I will warn you, there are many pictures. I am sharing them because they were too pretty to be kept to myself and also because this blog is the children's collective baby book, and I want this memory made of hard work and love to be a part of it. Since I cannot see you, and even if I could, feel free to "close the book" at any point to go scrub the dirt out between your toes. I totally understand. 

Photographs of our Family Field Trip at Central Park 
{and captions representing real thoughts in my head at the moment they were captured}.

It's not every day you drive down a street with this gal at the end of it.
There it is. The small town we are taking our five rambunctious children into.Where is my Mocha Prozac Vodka Latte when I need it???

I have never, ever liked tunnels. I still don't. Please Lord, don't let me see any drips on the ceiling.

We are doing this. I cannot believe. We are doing this. What are their little brains thinking?

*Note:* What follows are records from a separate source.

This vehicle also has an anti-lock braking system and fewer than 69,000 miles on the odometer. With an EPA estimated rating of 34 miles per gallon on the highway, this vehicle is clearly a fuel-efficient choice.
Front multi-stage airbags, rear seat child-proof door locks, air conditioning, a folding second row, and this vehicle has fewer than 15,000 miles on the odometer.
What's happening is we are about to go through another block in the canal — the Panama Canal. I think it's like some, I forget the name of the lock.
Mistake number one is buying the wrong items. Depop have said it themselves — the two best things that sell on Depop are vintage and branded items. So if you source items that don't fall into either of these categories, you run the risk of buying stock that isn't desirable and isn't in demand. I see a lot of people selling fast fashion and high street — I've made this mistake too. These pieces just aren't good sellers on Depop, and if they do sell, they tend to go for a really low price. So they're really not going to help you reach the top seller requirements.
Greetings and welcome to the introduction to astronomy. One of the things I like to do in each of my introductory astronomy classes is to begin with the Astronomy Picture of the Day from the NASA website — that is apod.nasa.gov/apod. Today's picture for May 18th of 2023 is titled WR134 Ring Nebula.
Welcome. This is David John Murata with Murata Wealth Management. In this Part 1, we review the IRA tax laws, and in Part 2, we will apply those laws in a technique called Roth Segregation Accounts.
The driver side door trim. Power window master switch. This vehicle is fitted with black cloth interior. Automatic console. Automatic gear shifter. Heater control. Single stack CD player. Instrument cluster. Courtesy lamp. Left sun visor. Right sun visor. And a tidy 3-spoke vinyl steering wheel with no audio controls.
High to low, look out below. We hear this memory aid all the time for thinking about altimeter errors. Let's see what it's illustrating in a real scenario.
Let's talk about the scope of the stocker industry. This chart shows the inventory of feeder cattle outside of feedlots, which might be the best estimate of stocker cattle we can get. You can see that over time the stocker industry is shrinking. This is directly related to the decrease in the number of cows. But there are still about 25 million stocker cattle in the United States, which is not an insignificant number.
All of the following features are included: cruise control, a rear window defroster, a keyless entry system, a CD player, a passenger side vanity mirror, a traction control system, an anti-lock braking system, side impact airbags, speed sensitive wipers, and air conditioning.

What a pleasant surprise that was to see Sally Field standing on that last corner!         Wait 'til I tell my mother I saw her famous twin! Another nice surprise? The leaves still brilliant and attached to their branches, especially given they survived Sandy.
Central Park Zoo. The children are already peering in to see if Alex and Marty are here.

We are really here! Let me pray the twins reconcile themselves to the restraints of their stroller instead of fighting it. It must be hard to have just turned three when you really consider yourself age five.

Oh, my beautiful, long-time friend! How good it is to see you, and how GOOD you look (oh, alright and so do those creamy Cannoli's you brought us from the bakery down the street that's been making them for 55 years!). How is it you dealt with such high-impact from Sandy and yet look so beautiful and together? Amazing. You are.
     Who needs Santa Clause when you can have the Cannoli Queen??

The children never have to  know there were plenty of leftovers.

Poor thing, must be embarrassed about something. Maybe it's her chin hair. I feel your pain sista.

Rock sliding in Central Park. I am so glad we didn't think too hard and just did this.So glad.

Time has been her friend. Prettier than ever. This is "her" rock, and as it turns out, she is stronger than it is.

Handing out cannoli's and upon the initial meeting was a sure way to remain the most popular person in the park.

Oh, dear God...You have made it so beautiful, even here, in the center of man-made monuments that reach to the skies.  How I thank You for this day!

The children are crying tired cries and whiny whines. We are all spent. The light is red. The Waldorf is to my left, beckoning the sophisticated woman buried deep, deep within. I have time to bolt out of the van, blow them a kiss and check myself in. They know I would come back eventually, right?

My body is not crafted to easily extract fruit snack packs from the back seat floor with my feet still on the center console. As I am laying perpendicular to the van ceiling, reaching for the gummy fruit 'basket', I look up. "Children! Look out the windows now!! This is an intersection that many people from all over the world come to see. What? Oh yes. Here's your fruit snack."

Nothing like a dinner at Subway right in the heart of downtown Newark. This is good. Maybe it is the loud R&B rocking the joint, but our let's-keep-this-train-on-it's-tracks rhythm is starting to fall apart. This is not good. I once thought of Newark as a dangerous city...but now i find my self fleeing it because of TWASTFO!!!

Ahhhh....good timing. And hear their little cheers?! "Rick! Rick! Rick!" I am so glad he's part of us, and coming home tonight. I am not his mama, but he's one of us.
"I just want to give you lots of hugs when we get home, Rick".  This day, full of counting heads and keeping alert, watching them see things for the first time and see one they have missed so much...this is a GIFT, and one that I intend to reopen again and again. Giving thanks. It is a way of life, it is the acknowledgment of the gift an ordinary moment holds, the embrace of simple goodness.


For His Glory said…
I would not have believed it without the pictures!!! It looked lovely - as did you. Happy Thanksgiving!